§ About this exercise
Using the listing below, set down exactly the lines from the one that contains "Used Hyundai TUCSON" through the one that contains "Photo of Others in Nordborg", with no pictures.

§ Task inputs
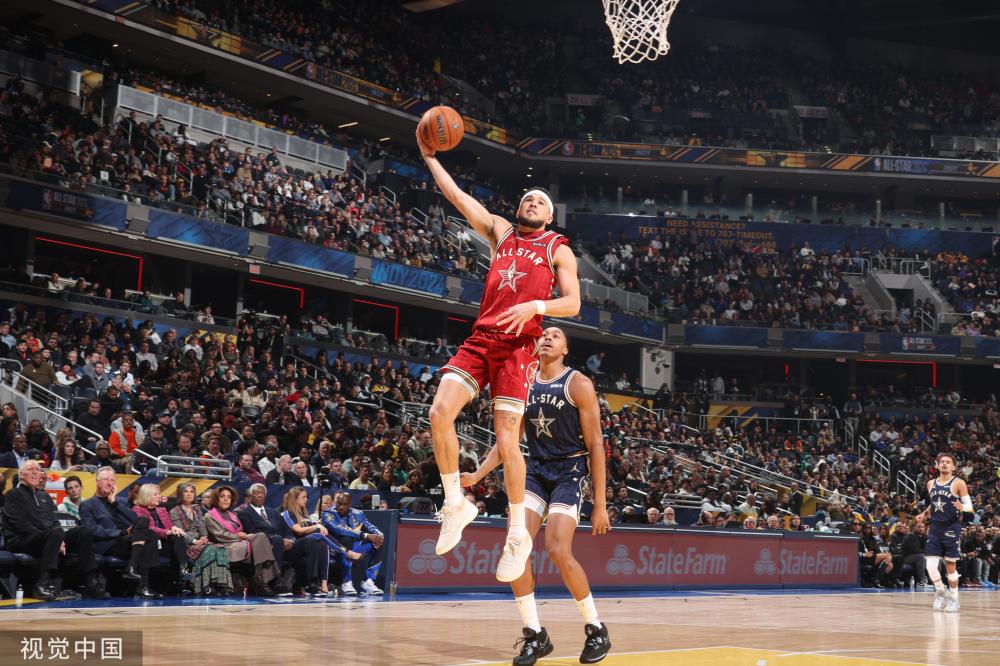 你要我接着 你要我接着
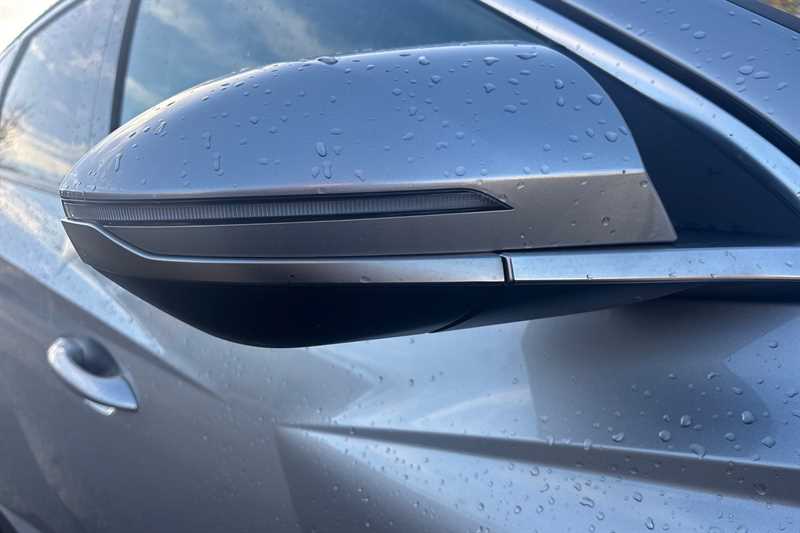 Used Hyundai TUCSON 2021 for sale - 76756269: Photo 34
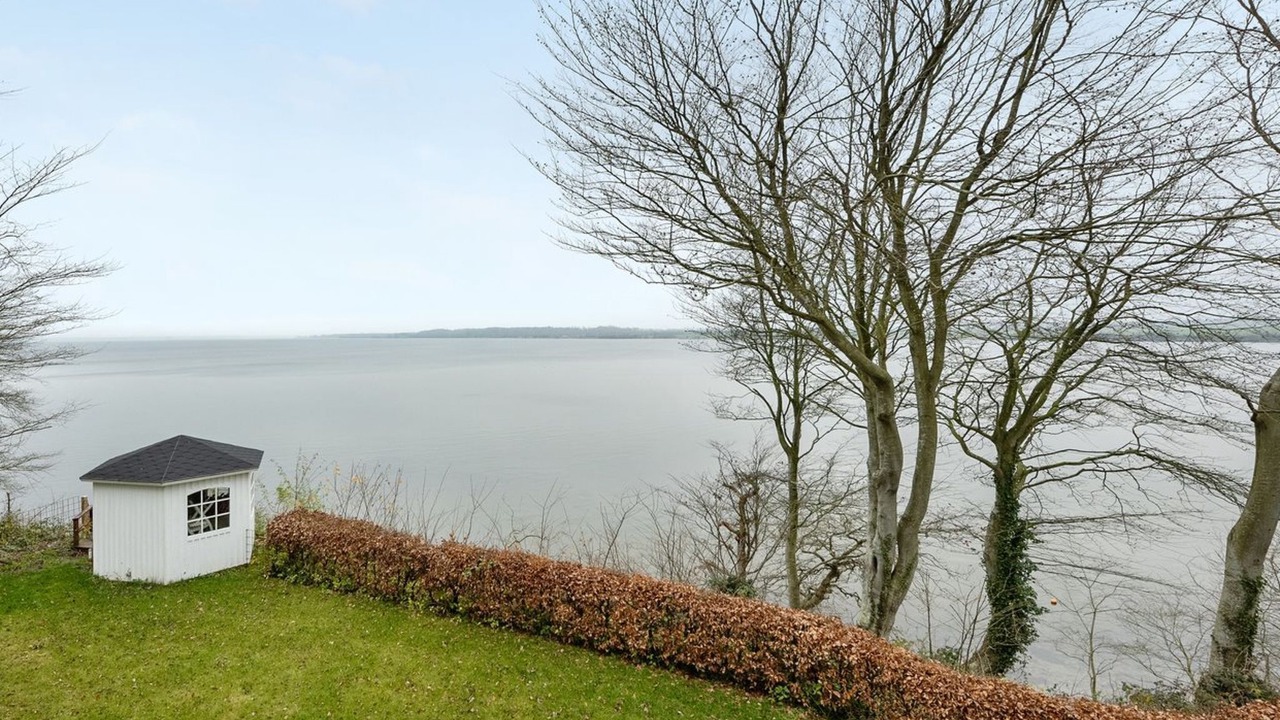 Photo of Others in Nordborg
...
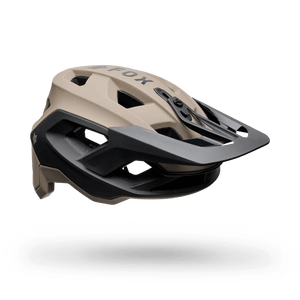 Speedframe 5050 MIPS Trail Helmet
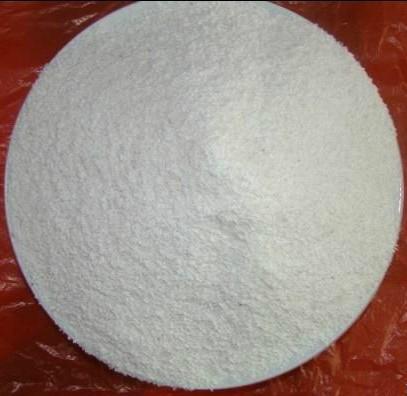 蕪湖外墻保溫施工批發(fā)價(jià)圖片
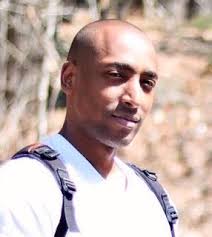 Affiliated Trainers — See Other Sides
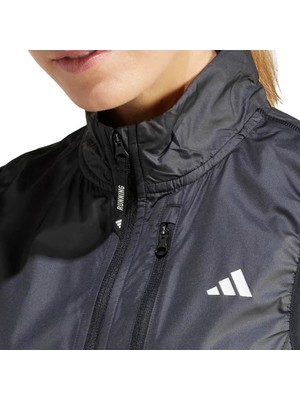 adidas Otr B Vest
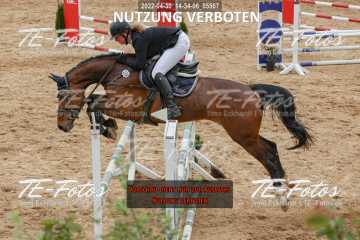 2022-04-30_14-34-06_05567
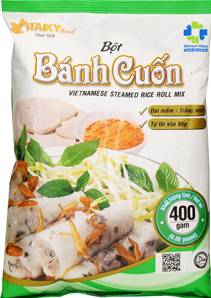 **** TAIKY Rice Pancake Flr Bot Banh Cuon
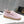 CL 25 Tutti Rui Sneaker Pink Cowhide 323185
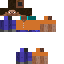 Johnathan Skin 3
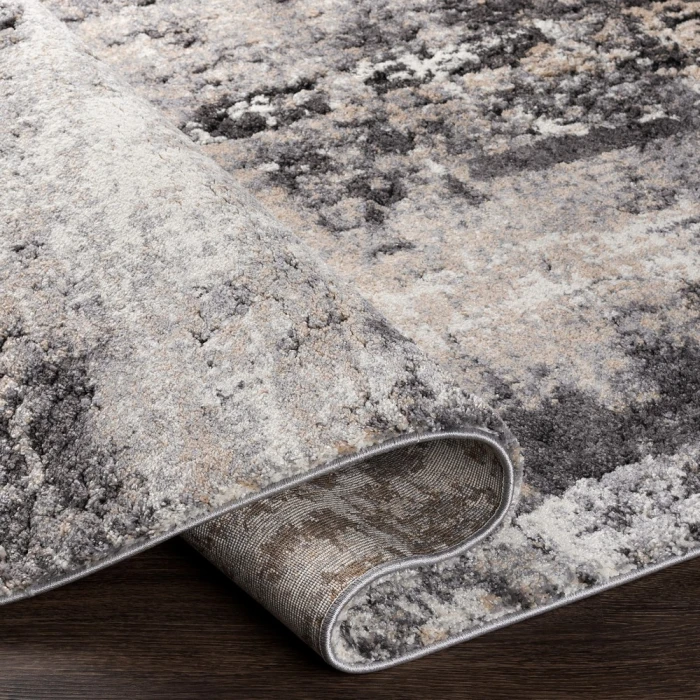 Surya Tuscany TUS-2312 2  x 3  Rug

§ Completed task
 Used Hyundai TUCSON 2021 for sale - 76756269: Photo 34
 Photo of Others in Nordborg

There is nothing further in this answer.